I used the tanks on a rotational basis all of last night and the flavour I was tasting didn't change too much the Clapton was the most change where I was getting a better apple flavour towards the end of the evening.

day 2 wake and vape the tanks before doing anything, surprise for me the IJust2 tank is better this morning and the Clapton is worst. While the subtank tastes the same and the Ti comes in second.

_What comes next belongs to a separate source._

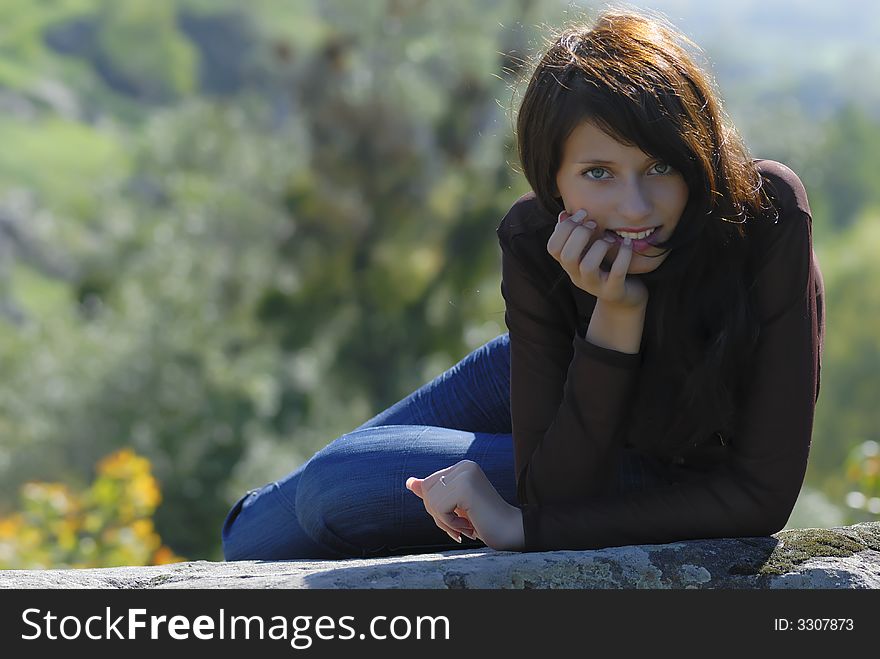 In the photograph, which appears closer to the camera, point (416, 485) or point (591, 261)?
point (591, 261)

After the morning ablution and breakfast including tea and brushed teeth.
The flavours change, not completely surprising except that the degree of change is more than I would have imagined each tank has its own little twist to add. Interestingly the pepper flavour does start to turn up more on the kanthal as it heats up after a few puffs. Most notably in the subtank. 
The Ti does it for me and is the better flavour consistantly, while the Ijust2 is a close second, then the Clapton and then the subtanks stock coil is a dissapointed to me.
It occurs to me the Clapton actually wants more power so up to 50w better flavour but I can still taste the pepper which I am attributing to the kanthal 60w is even better, 70w I taste the kanthal still but the apple flavour is good. 80 w a little burnt flavour.
Then I decided to see what the Ijust2 will do at the same watts. It doesn't dissapoint flavour gets better all the to 80w.
Juice consumption is twice as heavy on the Clapton and IJust than it is on the Ti.
Wow this is such an interesting pass time. I doubt it will ever stop surprising me. 
For those of you who have managed to reach the end of this rambling experiment, thanks for sticking with me. For me temp control with Ti is the way forward, when I get my hands on some SS I will give that a try too. I don't think I will be buying more Clapton wire its performance is not what I expected.

Reactions: Like 1


----------



## Silver (17/1/16)

Thanks for sharing your impressions @Bartart 
And for following up the next morning
Love it!
I read every word

Am interested to know what is next in the Bartart experiment lab

Your comments make me want to try out more wire types.


----------



## Bartart (17/1/16)

Silver said:


> Thanks for sharing your impressions @Bartart
> And for following up the next morning
> Love it!
> I read every word
> ...


Thanks @Silver 
Encouraging as ever.


----------



## Bartart (19/1/16)

Update
I decided to try a different juice in the tanks berry blaze.
Turns out the pepper flavour is gone so can't be related to the kanthal. The flavours from the Clapton in the crius and the Ti in the Zephyrus are very similar just cooler on TC.
However today I had problems both the crius and the zephyrus are leaking like mad and the zephyrus is spitting something fierce.
So I've messed something up but can't fix this at work I will redo the berry flavour with new wicks and report what I find


----------



## Bartart (26/1/16)

In conclusion, I'm now an avid TC fan. 
Don't get me wrong kanthal is fine, but with TC no dry hits, great flavour and you can change the temp to get just the right taste. This makes for a better vaping experience for me. 
I'm loving it


----------